Wo kein Pavillon zu Wandzeichnungen reizt, wie bei der Biennale 2010, oder die Statik sich in hunderten von Stützen manifestiert, wie bei seinem KAIT-Workshop-Building (42.08), bleibt Junya Ishigami abstrakt. So hält es der wohl prominenteste Nachwuchsarchitekt auch mit seiner ersten monografischen Ausstellung in Europa, die im Antwerpener Kunstzentrum deSingel präsentiert wird. Sie wurde von der Shiseido Gallery aus Tokio übernommen (14.11).
Durch ein Fenster kann der Besucher einen ersten Blick in den makellosen Ausstellungsraum werfen. Darin acht lange Tische, auf denen fragile Modelle aufgereiht sind. Also, Schuhe ausgezogen und hinein in die rundherum weiße Höhle, in der sich der Kosmos des 39-jährigen Japaners eröffnet. Dabei geht es vordergründig weder um Gebautes noch um Geplantes: Die Exponate sind Denk- und Studienmodelle, die mit einem frappierenden Sinn für Details ausgeführt wurden.

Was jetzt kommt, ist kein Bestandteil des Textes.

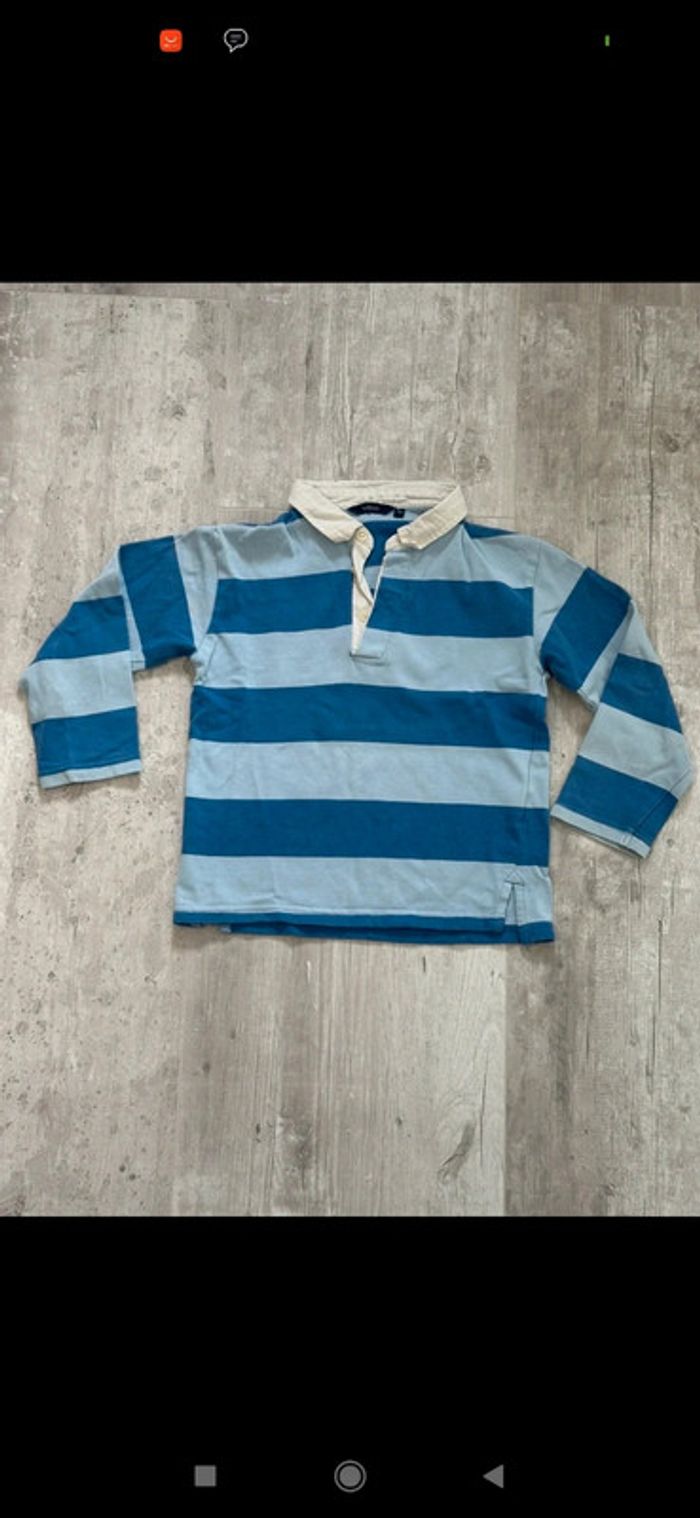 Polo garçon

Das Konzept „Wald und Stadt“ etwa beruht auf der Idee, eine Stadt mit großen Bäumen gleichsam zu „verwalden“, sodass urbaner Raum als „Lücke“ zwischen verdichteten Baumgruppen verbleibt. Die Modellbäume bestehen aus übereinander geschichteten, penibel ausgeschnittenen Scheiben, ihr Volumen unterstreicht die Vorstellung von ungebremstem Wachstum.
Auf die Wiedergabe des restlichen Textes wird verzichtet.